Я снова усмехнулся: в самом деле - чудак! Он думает, что мне только и не хватает в жизни этого: двойных порций…

Запись пятая

Дома я очень переживал, что с каждым днем все больше и больше отстаю в учебе. Мама уговаривала, убеждала, как могла, что для меня сейчас главное - здоровье, что вот съезжу в Крым, вылечусь и тогда возьмусь за учебу и, авось, нагоню упущенное.

Эх, да где там! Мы оба понимали: пропал для меня учебный год окончательно. Не быть мне больше с моими друзьями, с которыми начинал учиться, - все они пойдут теперь на класс впереди. Разве не обидно?

И вдруг я узнаю - в санатории школа-десятилетка. Когда мне сказали - не поверил. Где такое бывает, чтобы больные, которые не то что лежат, а сдвинуться с места не могут, в школе учились?! Но пришла завуч, расспросила меня, в каком классе учился, по каким предметам отставал, и сказала, что сегодня мне выдадут тетради и учебники, а завтра я начну заниматься.

И вот я уже, считай, полмесяца учусь. Здорово! Представляю, как удивятся ребята там, дома, когда узнают об этом, как обрадуется мама.

У нас всегда по четыре урока - с девяти до часу. В это время каждая палата превращается в класс. Здесь все по-настоящему: доска, стол, стул, разные учебные пособия, только мы не сидим за партами, а лежим на своих койках, и учителя наши в белых халатах.

У нас койки на колесиках с резиновыми шинами, удобные и легкие. На них мы не только днюем и ночуем, но и "разъезжаем" то всем нашим "делам": в баню, в клуб, в кабинеты врачей и, конечно, в "школу".

В нашей палате седьмой класс. В нем всего девять человек: Ленька Рогачев, Фимочка, Мишка Клепиков, Пашка Шиман, Ванька, я и три девчонки.

Девчонки - языкастые и колючие. Особенно Зойка. На вид она кажется ничего себе: кругломорденькая такая, волосы завитушками. А вот глаза и язык просто ножницы: обстригут - не заметишь. Ехидная - ужас. Но все равно ребята из шкуры лезут, чтобы ей понравиться.

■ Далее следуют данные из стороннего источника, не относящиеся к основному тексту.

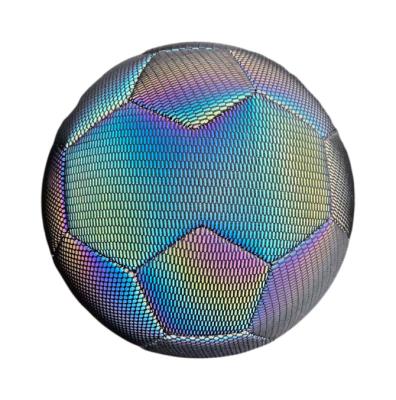 China Lightweight Reflective / Glow In The Dark Durable And High Quality PU Leather 5/4/3 Inch Holographic Reflective Football Soccer Ball for sale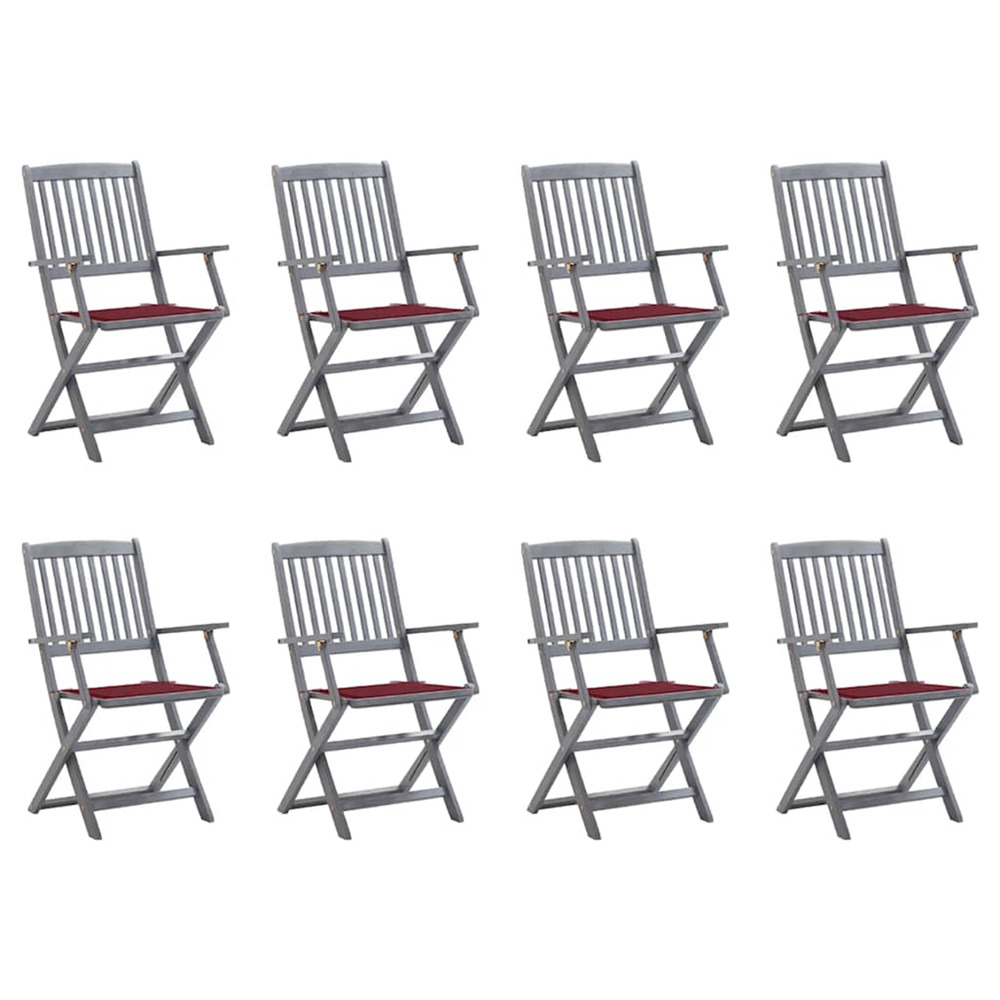 Chaises pliables d'extérieur lot de 8 et coussins bois d'acacia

Даже смешно глядеть, как они стараются. Фимочка, как только свезут нас, острит не переставая, а сам все время поглядывает: что Зойка, улыбается или нет? Он готов сам себя в дурака превратить, лишь бы она улыбнулась. Пашка Шиман наоборот: напускает на себя такую печаль, будто с ним стряслась беда, стонет, вздыхает тяжело, пишет и рвет какие-то бумажки. И тоже поглядывает на Зойку: не спросит ли, что у него случилось? Мишка же Клепиков при девчонках просто глупеет: вертится, шумит, лезет ко всем с идиотскими вопросами. А то вдруг сморозит что-нибудь и потом хохочет во всю глотку.